Veti, odio e intolleranza contro la fede ed i suoi valori

Hanno contro già numerose sentenze di tribunali amministrativi e Consiglio di Stato, eppure non pochi prefetti, in Francia, continuano a dimostrarsi particolarmente zelanti nel proibire, guarda caso, solo ed esclusivamente processioni e manifestazioni a carattere religioso. Accomodanti e bendisposti verso le iniziative di natura civile, questi rappresentanti territoriali del governo si rivelano improvvisamente rigidi ed intolleranti verso quelle di matrice confessionale.

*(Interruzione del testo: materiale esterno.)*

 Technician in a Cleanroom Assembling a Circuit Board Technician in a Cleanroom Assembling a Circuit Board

Come ha fatto il prefetto di Yvelines, cancellando d’imperio un evento religioso in agenda per lo scorso 13 giugno. Un veto costato caro, però. Il Consiglio di Stato ha dato ragione agli organizzatori, che hanno subito presentato ricorso: quell’appuntamento non si sarebbe dovuto ostacolare, per cui è stato loro riconosciuto un risarcimento di ben 3 mila euro.

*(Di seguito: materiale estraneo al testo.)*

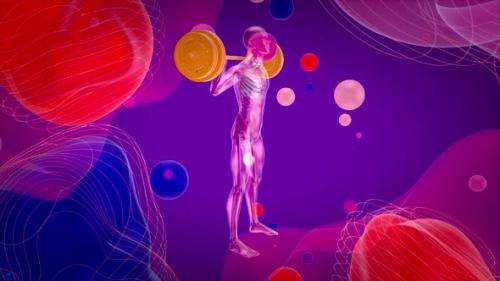 Videohive - 4K 3D abstract man doing squats - 35784549 - 35784549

Un criterio, che dovrebbe servire da esempio ovunque, questo. Anche in Argentina, per evitare che si ripeta quanto accaduto nel corso di una recente marcia, indetta a San Luis da sigle femministe: ufficialmente contro i cosiddetti “femminicidi”, la manifestazione si è trasformata ben presto in un attacco d’odio contro la fede cattolica e contro la Chiesa, con scritte allo spray verde anticlericali e filoabortiste sulle mura della cappella del collegio «Don Bosco», a Felucho, e su quelle dell’ospedale Rivadavia, che nel febbraio scorso si è dichiarato obiettore di coscienza contro l’aborto. Un episodio purtroppo tutt’altro che isolato, questo, in un crescendo di tensione urbana, fomentata da gruppi, espressione del femminismo più aggressivo e più violento.

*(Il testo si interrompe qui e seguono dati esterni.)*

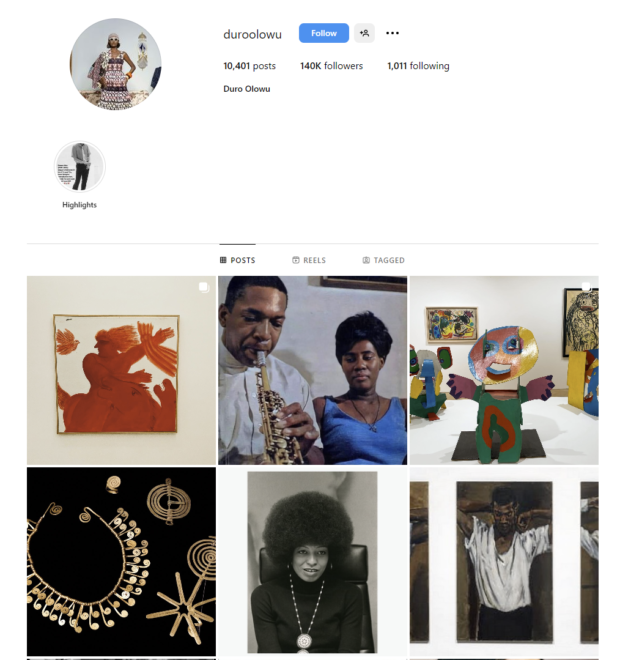A screen cap of Deola Olowu's Instagram profile.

Se anche nei loro confronti si cominciasse ad assumere, con carattere d’urgenza, legittimi ed anzi auspicabili provvedimenti sanzionatori, come avviene in Francia, forse ciò potrebbe costituire un freno, quanto meno, al dilagare di atti criminali, che, con la parvenza dei migliori pretesti, commettono le peggiori colpe.